[Short web captions]

....

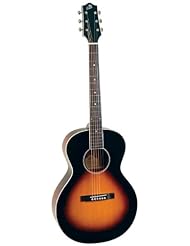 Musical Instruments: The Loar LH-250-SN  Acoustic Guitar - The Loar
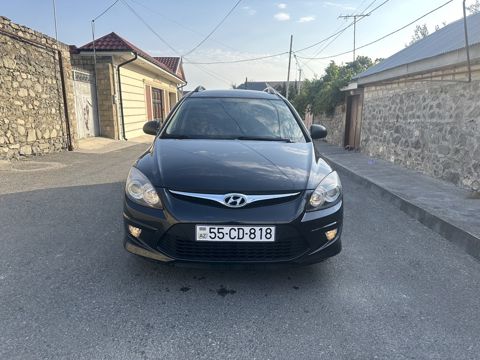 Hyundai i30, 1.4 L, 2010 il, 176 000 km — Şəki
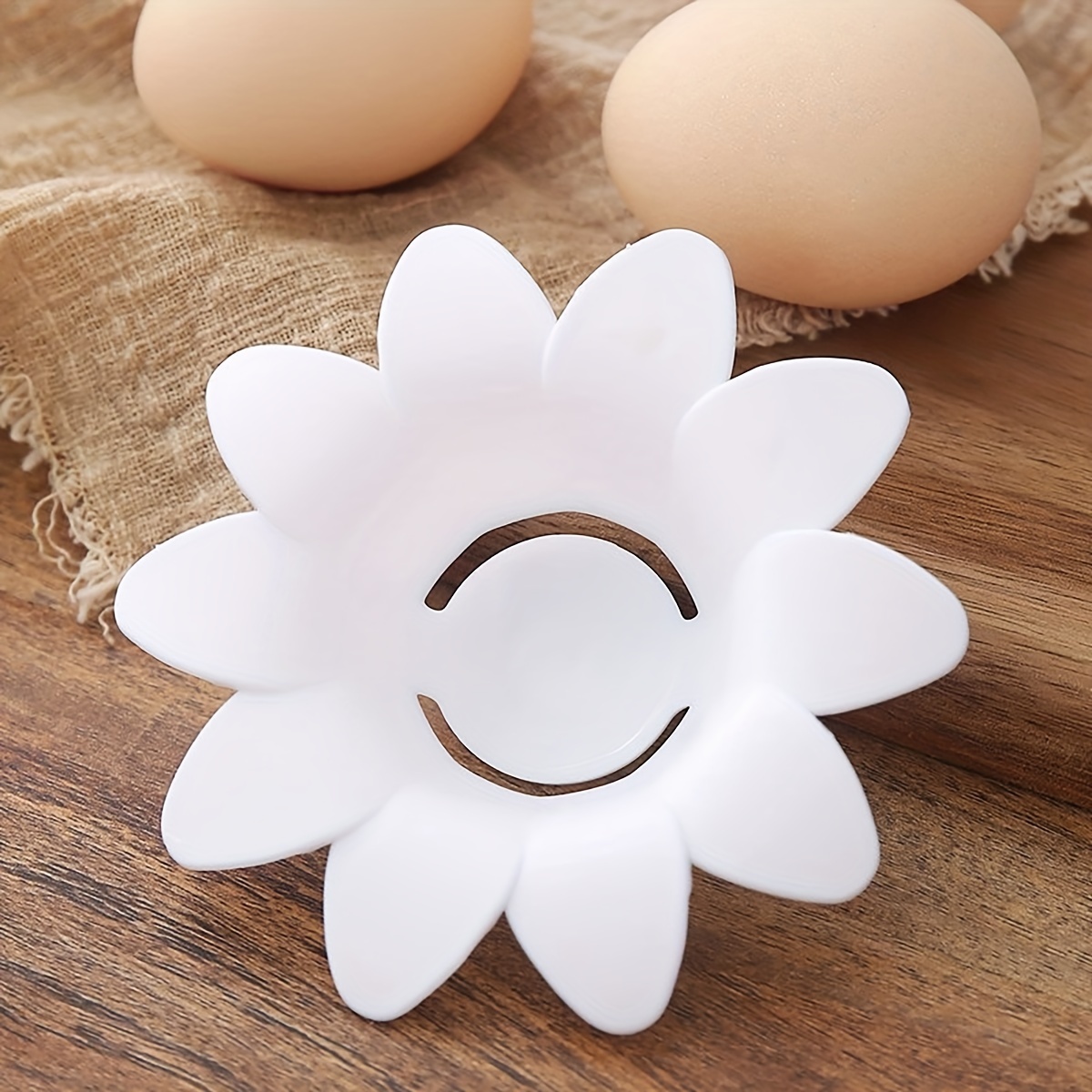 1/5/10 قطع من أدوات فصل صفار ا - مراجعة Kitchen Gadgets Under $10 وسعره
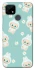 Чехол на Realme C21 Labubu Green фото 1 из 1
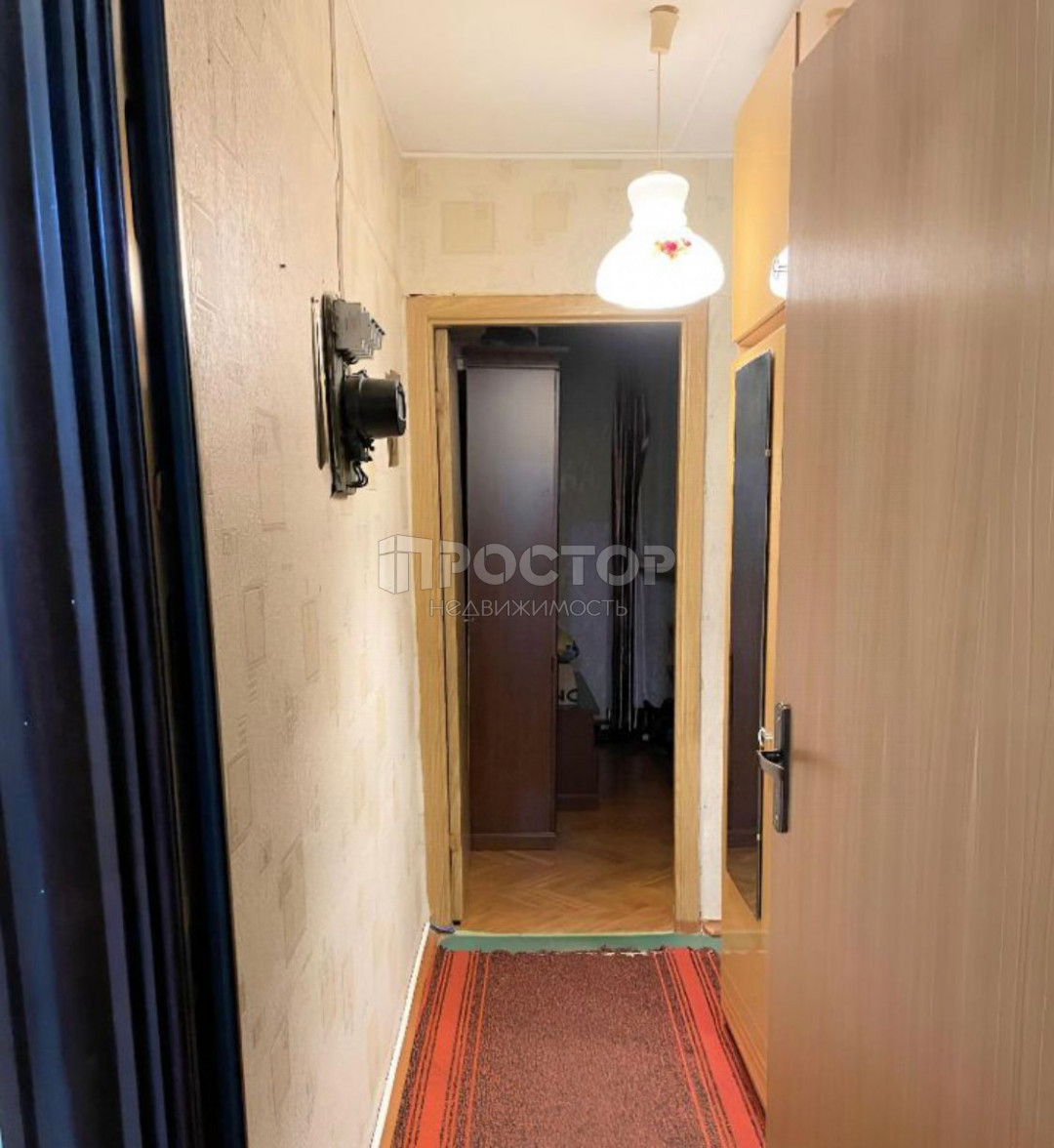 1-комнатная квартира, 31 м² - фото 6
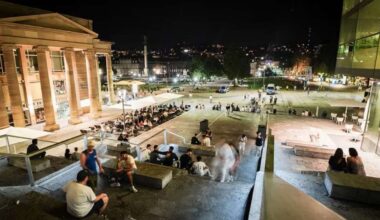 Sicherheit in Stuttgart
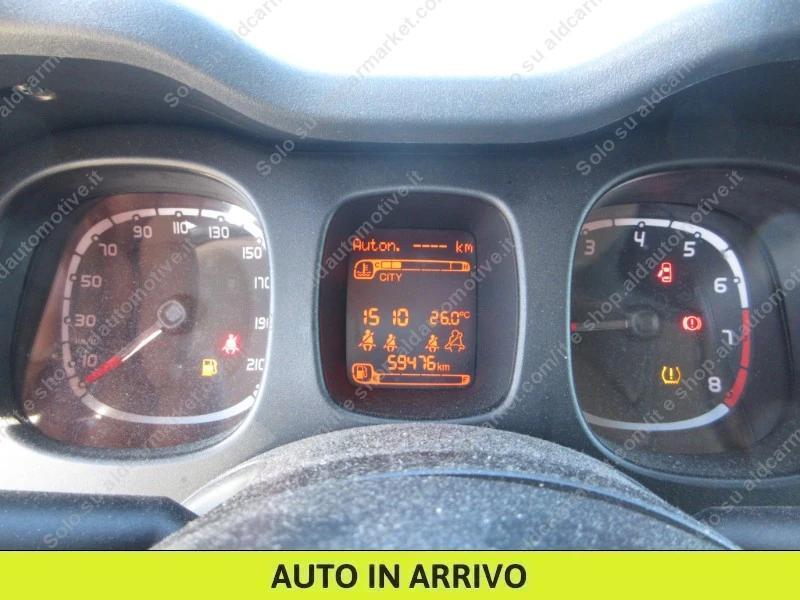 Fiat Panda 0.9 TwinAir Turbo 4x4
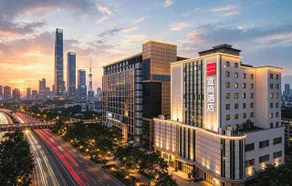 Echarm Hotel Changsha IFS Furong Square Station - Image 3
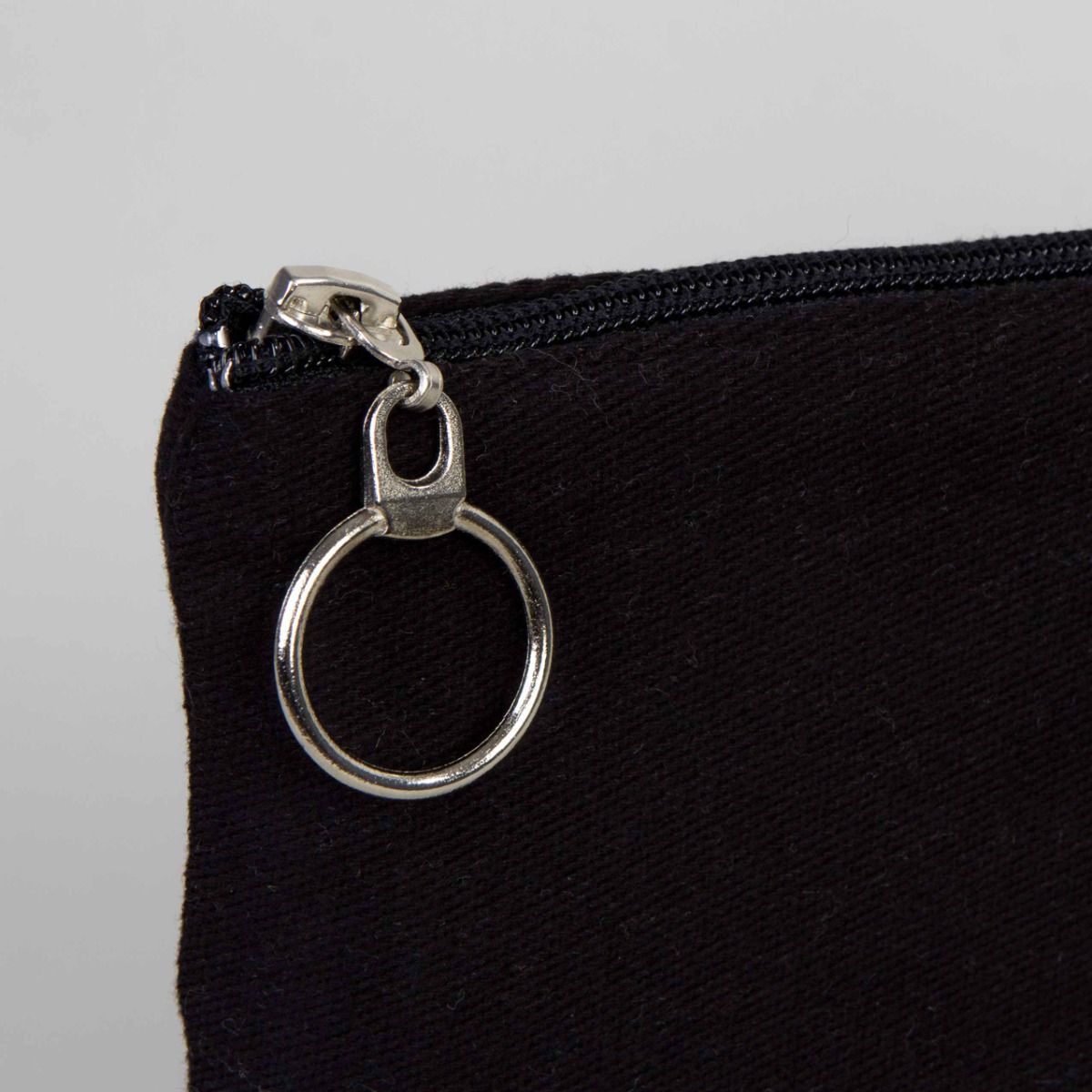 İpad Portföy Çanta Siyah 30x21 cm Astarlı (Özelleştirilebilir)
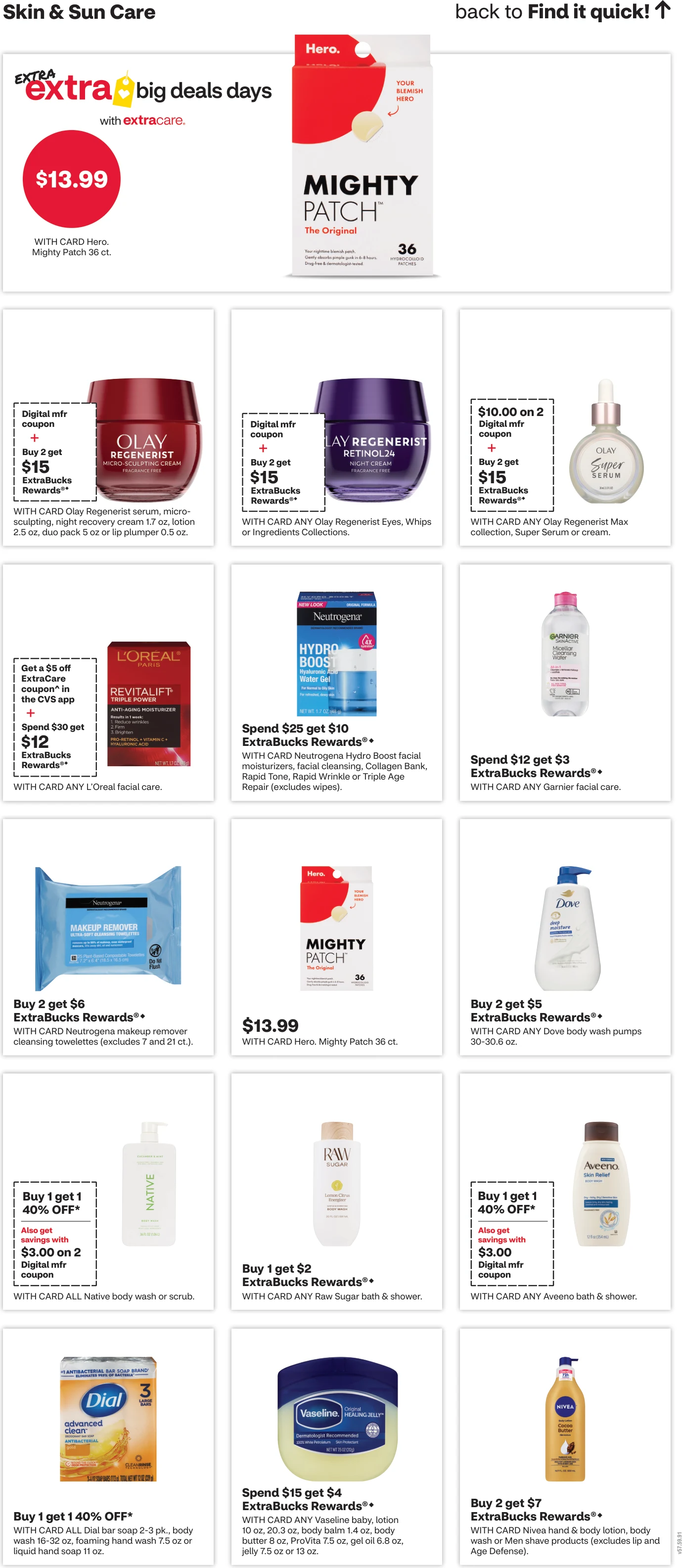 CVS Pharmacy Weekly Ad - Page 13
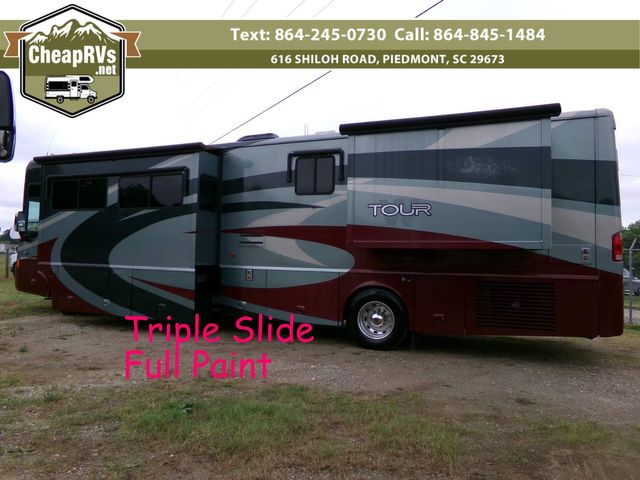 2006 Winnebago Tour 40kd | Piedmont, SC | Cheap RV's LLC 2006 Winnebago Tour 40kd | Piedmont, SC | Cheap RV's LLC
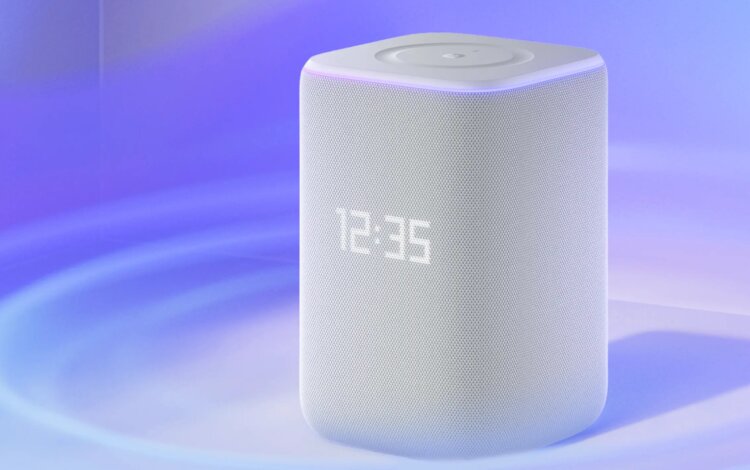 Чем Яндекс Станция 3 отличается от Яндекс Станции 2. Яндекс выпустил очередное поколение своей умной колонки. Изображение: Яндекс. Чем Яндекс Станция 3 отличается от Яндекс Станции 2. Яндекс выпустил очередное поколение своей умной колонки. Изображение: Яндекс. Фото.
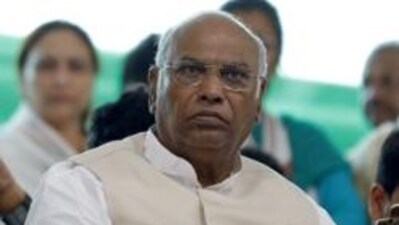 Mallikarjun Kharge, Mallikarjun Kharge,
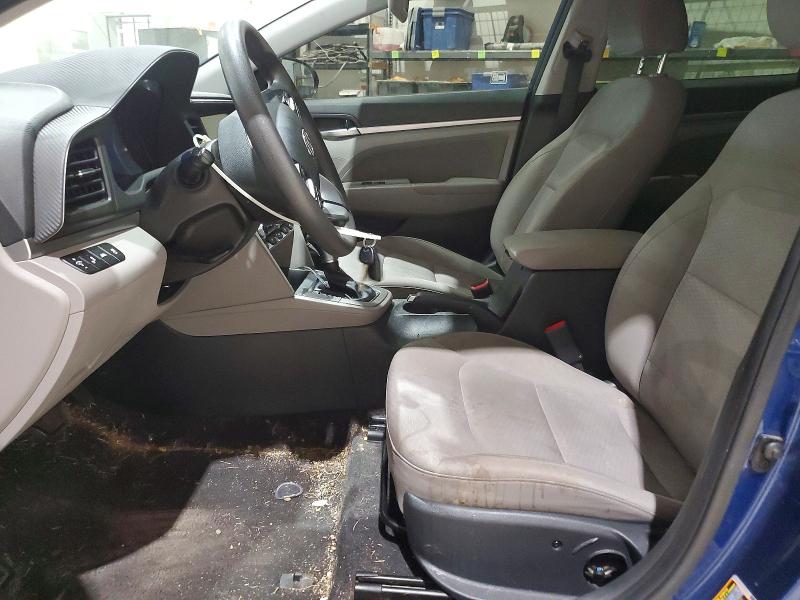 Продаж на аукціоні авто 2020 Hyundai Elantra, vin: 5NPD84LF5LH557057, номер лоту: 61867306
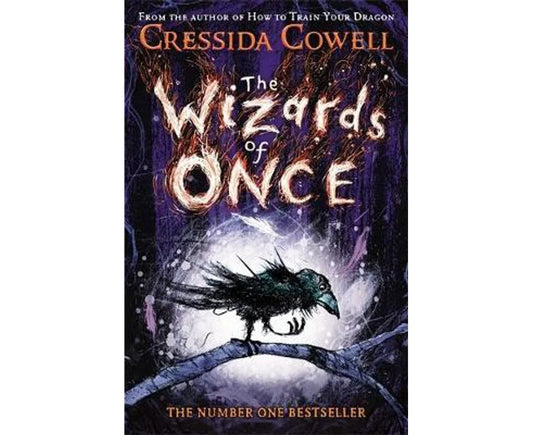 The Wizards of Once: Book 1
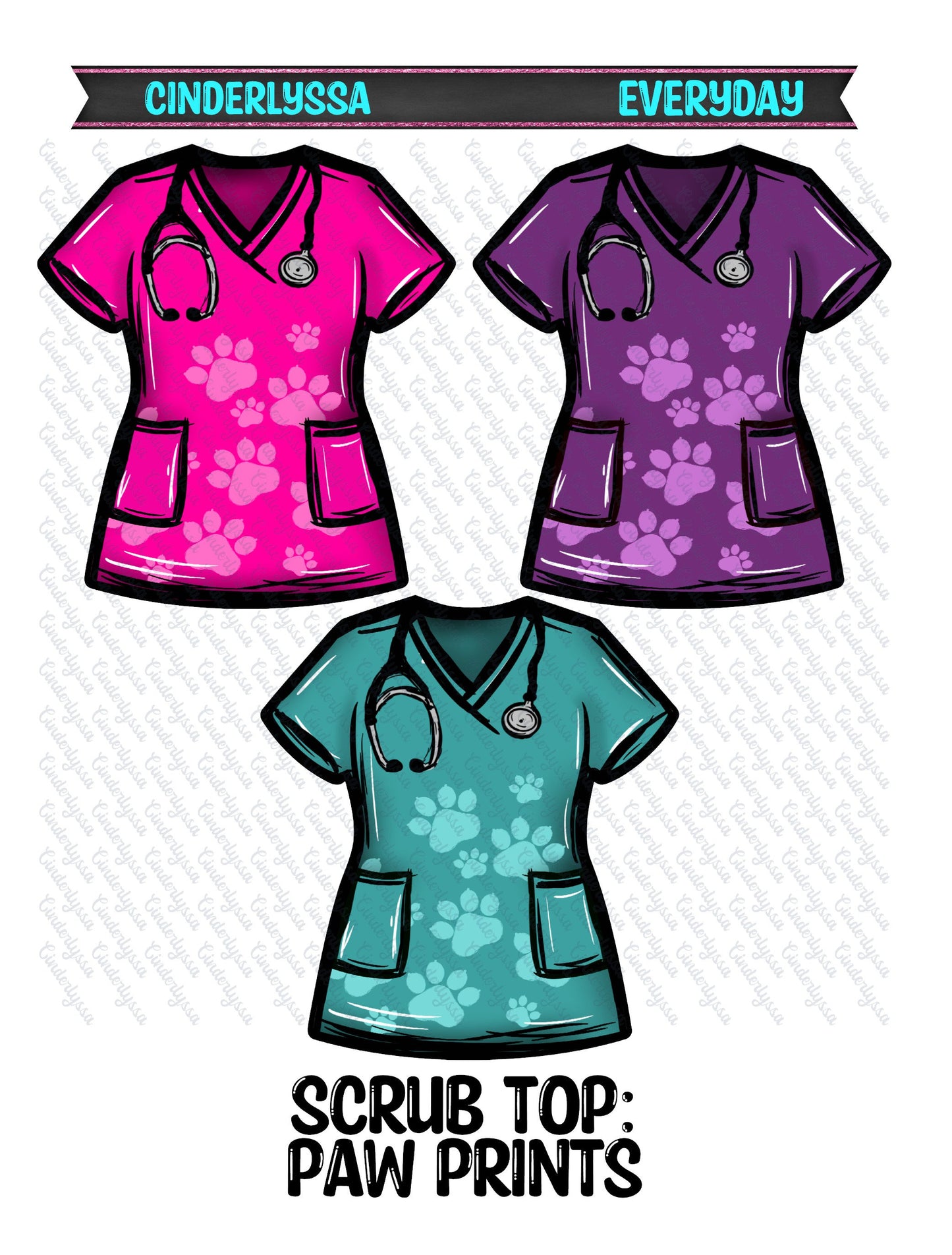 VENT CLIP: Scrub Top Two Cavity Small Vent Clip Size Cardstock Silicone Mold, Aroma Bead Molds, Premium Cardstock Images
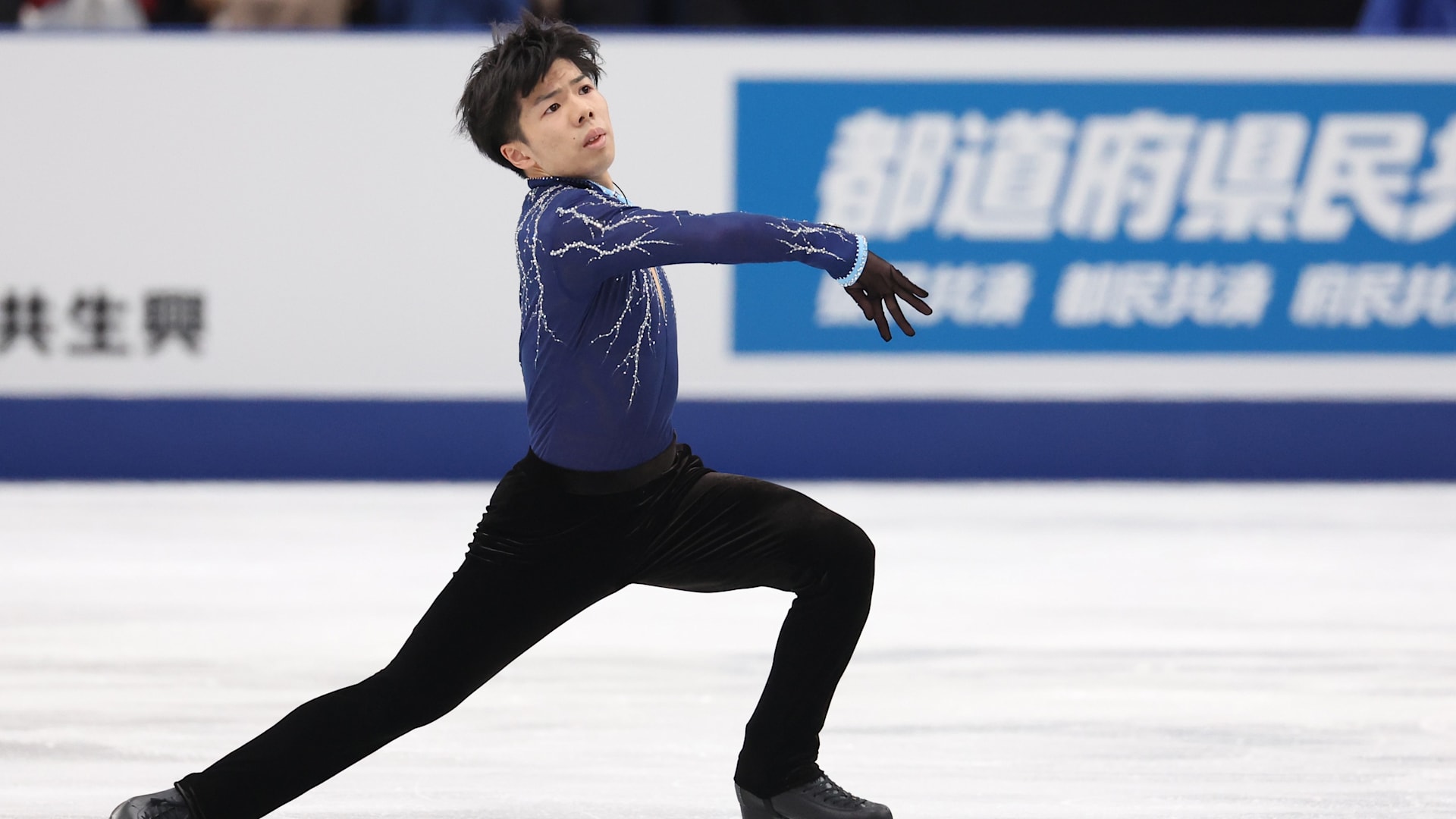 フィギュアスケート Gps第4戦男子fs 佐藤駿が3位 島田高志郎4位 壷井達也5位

....

Requirement:
If a record contains a picture, leave the picture out; repeat the record itself exactly.

Task response:
 Musical Instruments: The Loar LH-250-SN  Acoustic Guitar - The Loar
 Hyundai i30, 1.4 L, 2010 il, 176 000 km — Şəki
 1/5/10 قطع من أدوات فصل صفار ا - مراجعة Kitchen Gadgets Under $10 وسعره
 Чехол на Realme C21 Labubu Green фото 1 из 1
 1-комнатная квартира, 31 м² - фото 6
 Sicherheit in Stuttgart
 Fiat Panda 0.9 TwinAir Turbo 4x4
 Echarm Hotel Changsha IFS Furong Square Station - Image 3
 İpad Portföy Çanta Siyah 30x21 cm Astarlı (Özelleştirilebilir)
 CVS Pharmacy Weekly Ad - Page 13
 2006 Winnebago Tour 40kd | Piedmont, SC | Cheap RV's LLC 2006 Winnebago Tour 40kd | Piedmont, SC | Cheap RV's LLC
 Чем Яндекс Станция 3 отличается от Яндекс Станции 2. Яндекс выпустил очередное поколение своей умной колонки. Изображение: Яндекс. Чем Яндекс Станция 3 отличается от Яндекс Станции 2. Яндекс выпустил очередное поколение своей умной колонки. Изображение: Яндекс. Фото.
 Mallikarjun Kharge, Mallikarjun Kharge,
 Продаж на аукціоні авто 2020 Hyundai Elantra, vin: 5NPD84LF5LH557057, номер лоту: 61867306
 The Wizards of Once: Book 1
 VENT CLIP: Scrub Top Two Cavity Small Vent Clip Size Cardstock Silicone Mold, Aroma Bead Molds, Premium Cardstock Images
 フィギュアスケート Gps第4戦男子fs 佐藤駿が3位 島田高志郎4位 壷井達也5位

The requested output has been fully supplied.